La gestion des badges d’accès dans les zones portuaires sensibles – premier point d’entrée de la drogue sur le continent européen – est aussi un enjeu majeur de la corruption, les narcotrafiquants recherchant des moyens de pénétrer facilement dans les ports pour envoyer ou récupérer leur marchandise. Selon Agnès Thibault-Lecuivre, il y a peu de dispositifs mis en place pour vérifier que la personne détentrice d’un tel badge est bien son titulaire officiel et il est difficile de savoir combien de badges sont en circulation.

L’urgence d’un plan anti-corruption à la hauteur des enjeux

La menace d’une déstabilisation de la France par des réseaux de narcotrafiquants devient plus que jamais une réalité. Le ministre de l’intérieur Gérald Darmanin a affirmé au cours de son audition devant le Sénat le 10 avril, que l’ « on peut très bien penser, comme le montre l’histoire de l’Amérique du Sud, que demain des organisations criminelles puissent acheter des partis, présenter et financer des candidats ». Le ministre de l’Intérieur fait aussi le lien entre le trafic de drogue et la corruption, soulignant comment les profits de la drogue sont utilisés pour corrompre des fonctionnaires et des membres de la société civile, ce qui affaiblit les institutions.
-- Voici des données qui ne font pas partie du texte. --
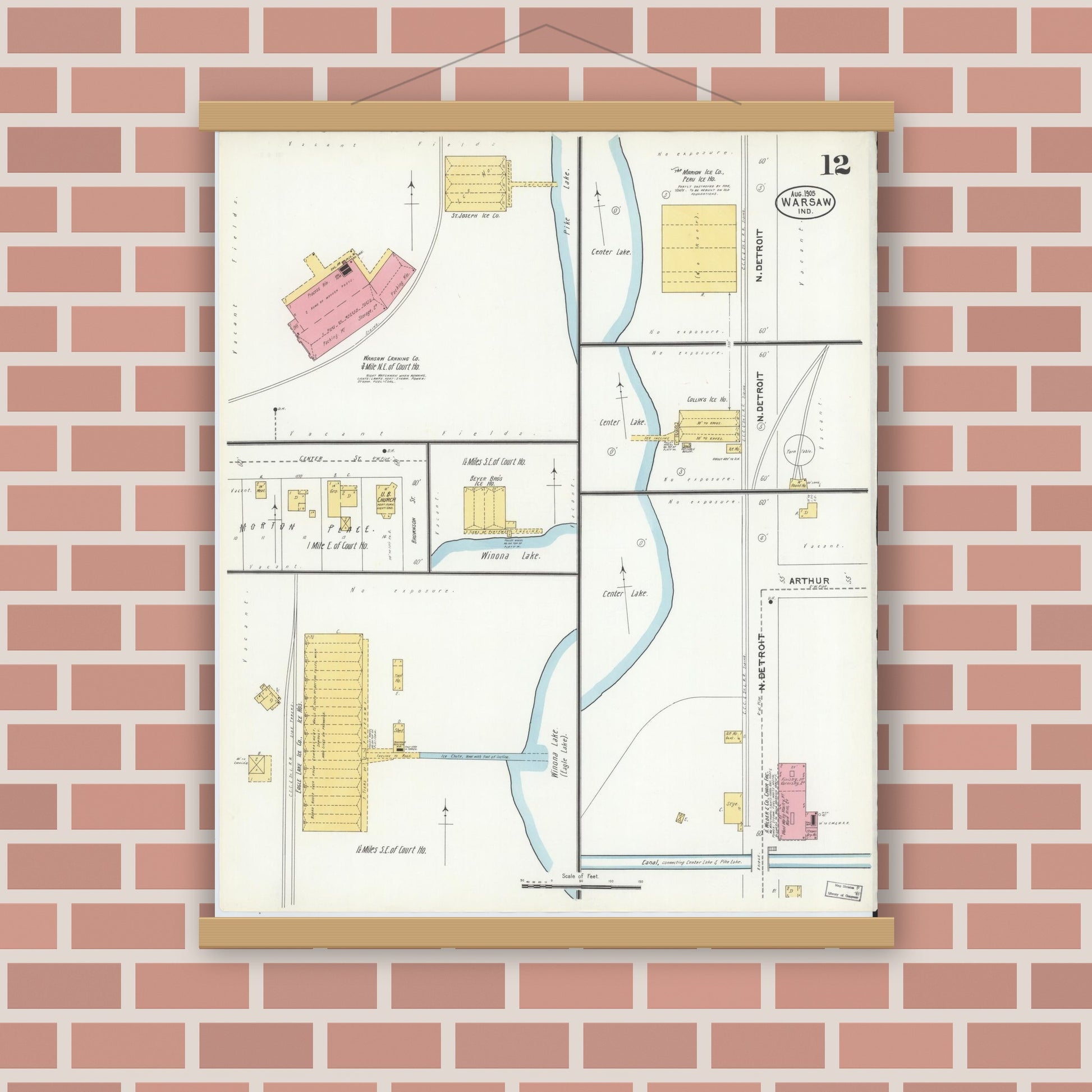 Old map wall art mockup — magnetic wood frame on brick wall — Sanborn Fire Insurance Map from Warsaw, Kosciusko County, Indiana (1905), Sheet #0012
La commission d’enquête estime que les autorités concernées doivent rapidement mettre en place un véritable plan anti-corruption. Selon le président de la commission, il faut faire de l’Ofast une DEA à la française avec des pouvoirs judiciaires centralisés et étendus afin d’agir plus concrètement contre le trafic de drogue en France.

Il importe également, selon le rapport, que les faits de corruption, même de « basse intensité », soient clairement identifiés comme tels, pour permettre de prendre la mesure quantitative et qualitative d’un phénomène qui reste encore largement sous-estimé, et sanctionner plus durement les agents publics ou privés impliqués.